_What you have to do_. No picture belongs in the answer, which must hold exactly the lines from the one with "Figure 2 for" through the final line below.

_Dataset excerpt_.
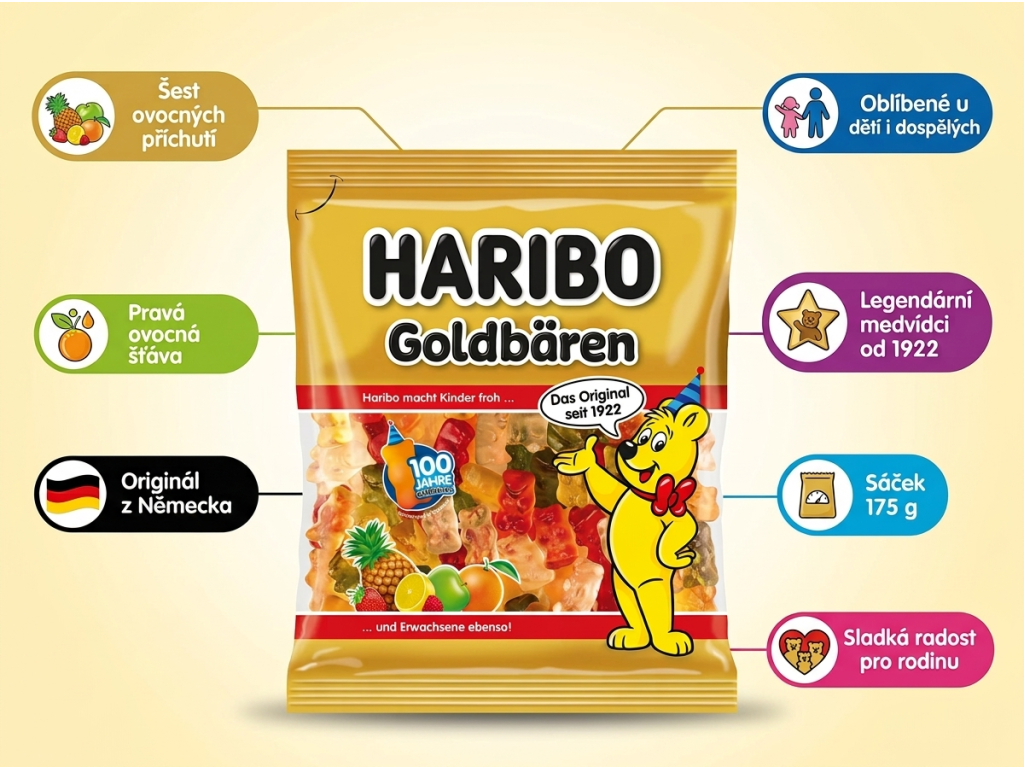 Haribo Goldbären 175 g - přehled výhod gumových medvídků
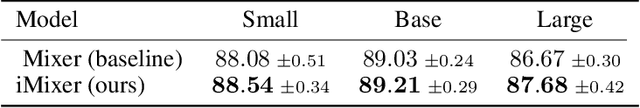 Figure 2 for iMixer: hierarchical Hopfield network implies an invertible, implicit and iterative MLP-Mixer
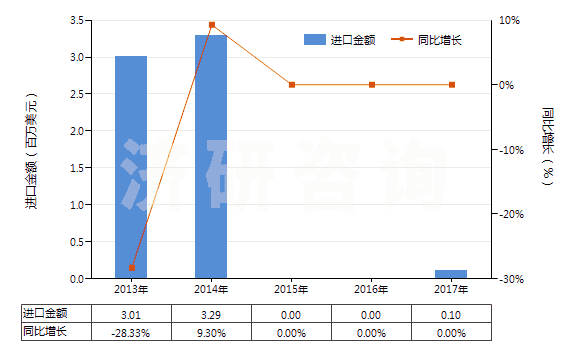 2013-2017年中國(guó)頭孢噻肟及其鹽(HS29419057)進(jìn)口總額及增速統(tǒng)計(jì) 2013-2017年中國(guó)頭孢噻肟及其鹽(HS29419057)進(jìn)口總額及增速統(tǒng)計(jì)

_Result of the exercise_.
 Figure 2 for iMixer: hierarchical Hopfield network implies an invertible, implicit and iterative MLP-Mixer
 2013-2017年中國(guó)頭孢噻肟及其鹽(HS29419057)進(jìn)口總額及增速統(tǒng)計(jì) 2013-2017年中國(guó)頭孢噻肟及其鹽(HS29419057)進(jìn)口總額及增速統(tǒng)計(jì)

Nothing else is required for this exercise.